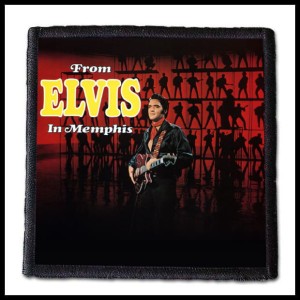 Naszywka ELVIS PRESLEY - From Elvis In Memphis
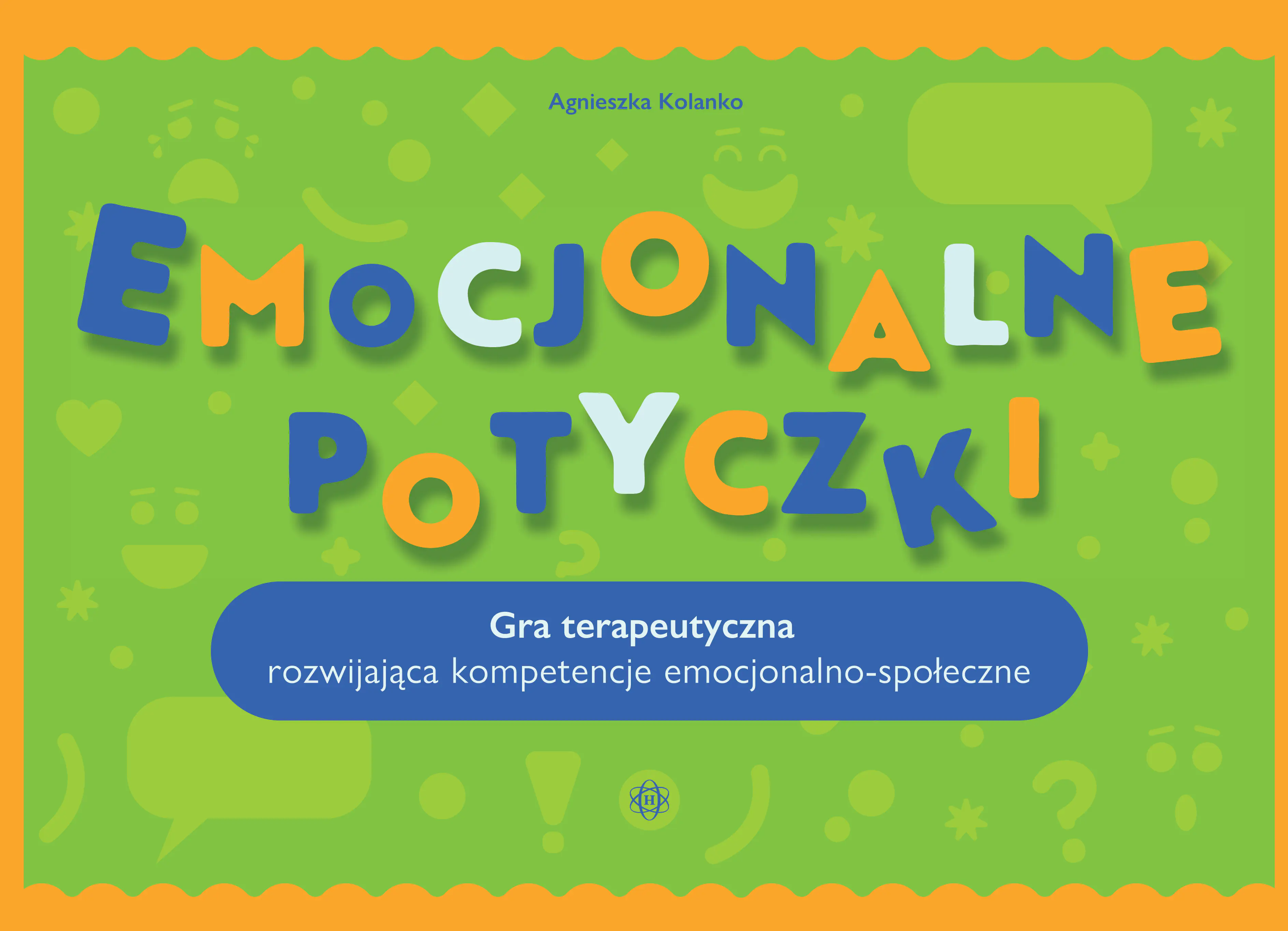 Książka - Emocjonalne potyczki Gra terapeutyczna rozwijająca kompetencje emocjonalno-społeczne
---
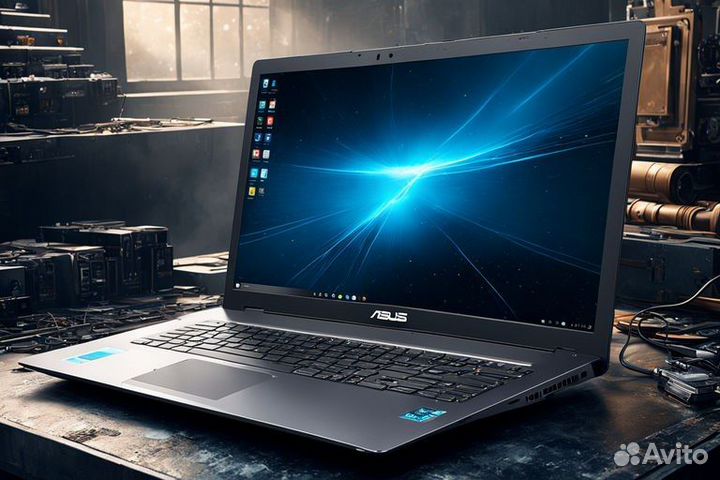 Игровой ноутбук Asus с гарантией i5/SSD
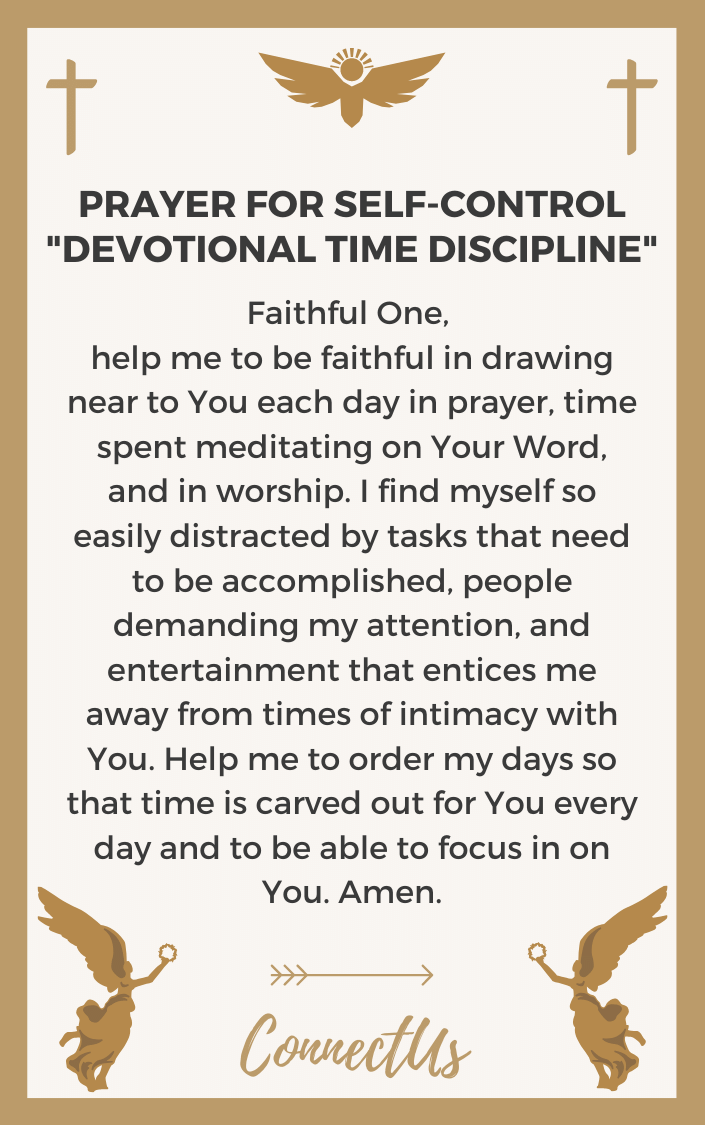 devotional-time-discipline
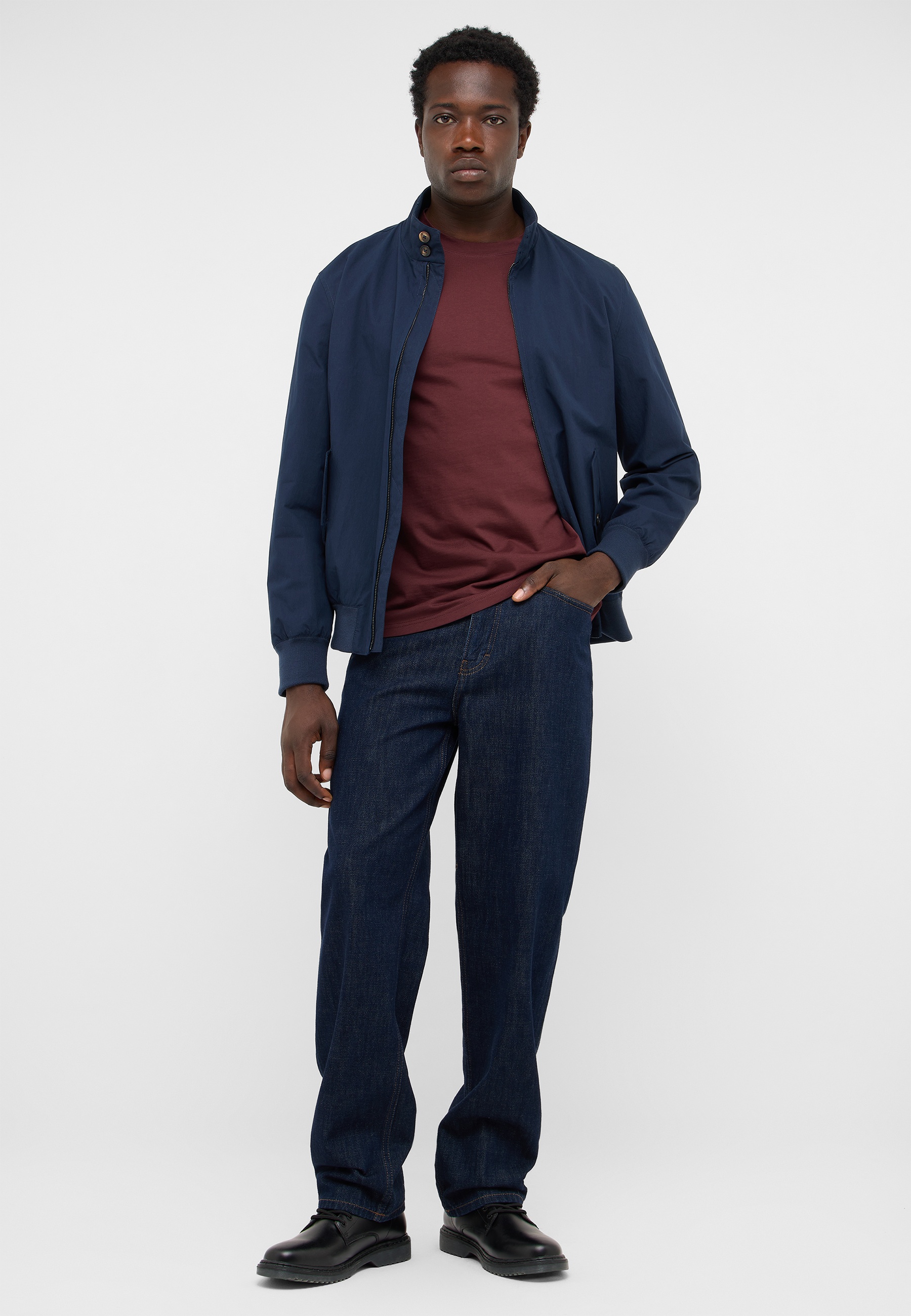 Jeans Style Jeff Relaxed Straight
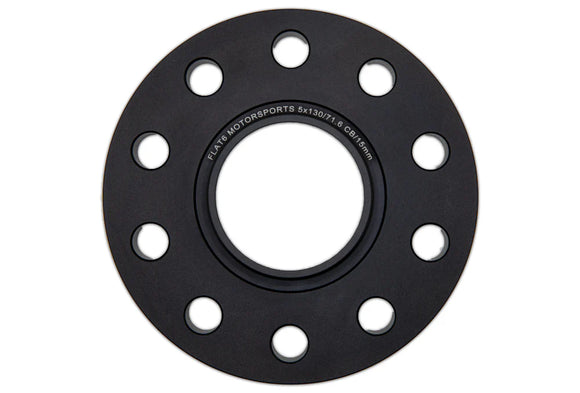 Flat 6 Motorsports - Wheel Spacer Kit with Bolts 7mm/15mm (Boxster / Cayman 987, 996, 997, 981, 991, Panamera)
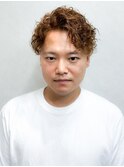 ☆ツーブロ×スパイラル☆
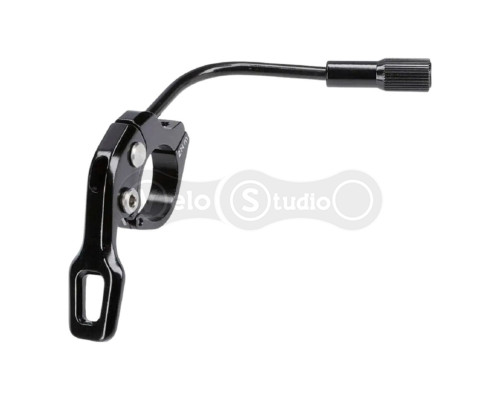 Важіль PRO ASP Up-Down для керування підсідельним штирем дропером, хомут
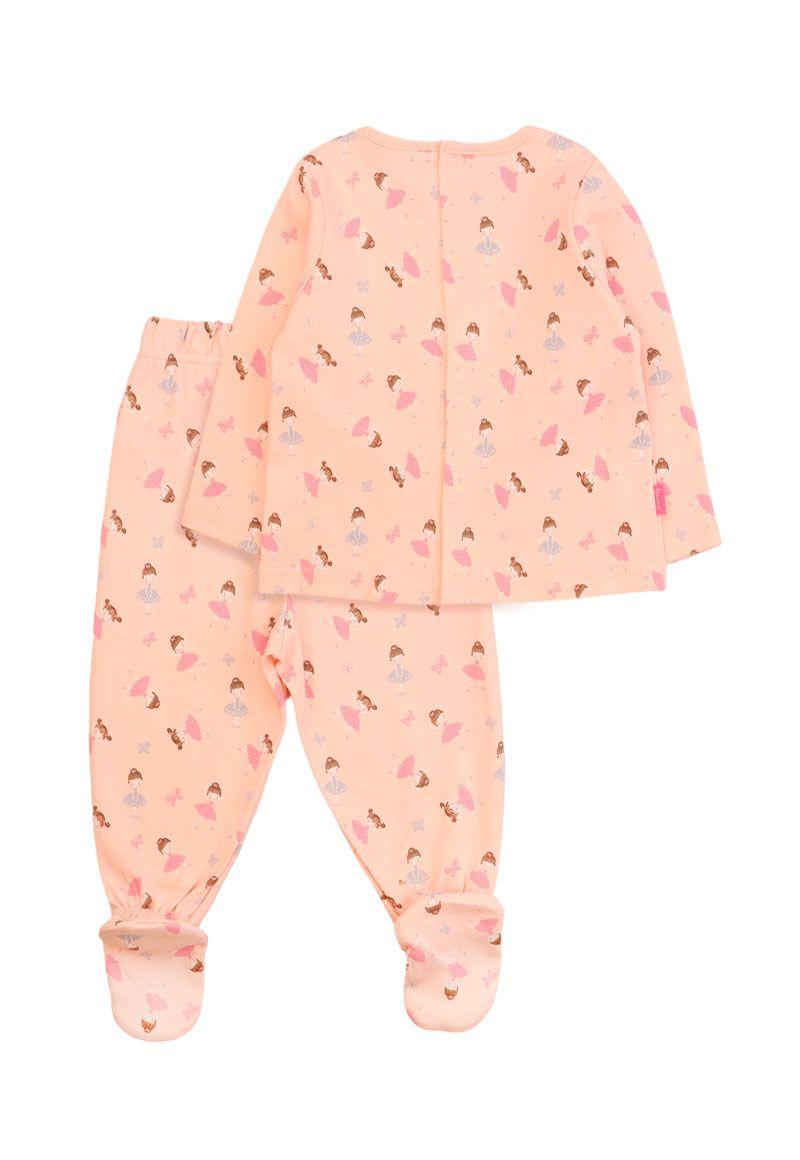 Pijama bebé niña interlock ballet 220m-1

_Task to complete_:
With the pictures left out, write out exactly the lines above from the one containing "devotional-time-discipline" through the one containing "Pijama bebé niña interlock ballet 220m-1".

_Answer area_:
 devotional-time-discipline
 Jeans Style Jeff Relaxed Straight
 Flat 6 Motorsports - Wheel Spacer Kit with Bolts 7mm/15mm (Boxster / Cayman 987, 996, 997, 981, 991, Panamera)
 ☆ツーブロ×スパイラル☆
 Важіль PRO ASP Up-Down для керування підсідельним штирем дропером, хомут
 Pijama bebé niña interlock ballet 220m-1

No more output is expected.